Responding to allegations in the Twitter Files that it regularly communicated with Twitter employees, flagging content and accounts that potentially violated the platform’s terms of service, the FBI has suggested that what it did wasn’t censorship as it did not ask Twitter to “take action.”
FBI officials said that they provided information to Twitter so that the platform could make a decision on whether or not to take action.
“We are providing it so that they can take whatever action they deem appropriate under their terms of service to protect their platform and protect their customers, but we never direct or ask them to take action,” the FBI officials said.
The allegations that the FBI and Twitter were in close contact were made in the sixth installment of the Twitter Files, released by independent journalist Matt Taibbi.

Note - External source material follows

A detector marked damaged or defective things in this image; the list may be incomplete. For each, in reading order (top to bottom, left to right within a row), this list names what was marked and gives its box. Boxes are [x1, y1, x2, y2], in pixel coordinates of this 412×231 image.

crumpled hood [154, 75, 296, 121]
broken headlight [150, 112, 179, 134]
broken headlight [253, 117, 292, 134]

According to Taibbi, in an email sent November 10, 2022, an FBI employee wrote: “Hello Twitter contacts, FBI San Francisco is notifying you of the below accounts which may potentially constitute violations of Twitter’s Terms of Service for any action or inaction deemed appropriate within Twitter policy.”
The email listed four accounts. In response to the email, a Twitter employee said three of the four accounts had been suspended and the fourth was still under review.
The FBI told Fox News that they did not give Twitter “specific instructions or details regarding the Hunter Biden laptop story.”
Asked if the bureau directly or indirectly provided Twitter with information regarding Hunter Biden or Russian influence, the officials said, “We focus on activities attributed to foreign actors, not on the content or narrative.”
In another batch of the Twitter files, released by Michael Shellenberger, Twitter’s former deputy legal counsel Jim Baker, who was at the FBI before joining Twitter, received an email from another Twitter employee indicating that the platform had received over $3 million from the FBI for processing requests.
Speaking to Fox News, the FBI did not deny the payment. An official told the news outlet that the payment was “reimbursement” for the “reasonable costs and expenses associated with their response to a legal process … for complying with legal requests, and a standard procedure.” The official added, “We don’t just reimburse Twitter,” suggesting that the bureau pays other social media companies.
In a statement, a spokesperson for the bureau said: “The correspondence between the FBI and Twitter show nothing more than examples of our traditional, longstanding, and ongoing federal government and private sector engagements, which involve numerous companies over multiple sectors and industries. As evidenced in the correspondence, the FBI provides critical information to the private sector in an effort to allow them to protect themselves and their customers.”
“The men and women of the FBI work every day to protect the American public. It is unfortunate that conspiracy theorists and others are feeding the American public misinformation with the sole purpose of attempting to discredit the agency.”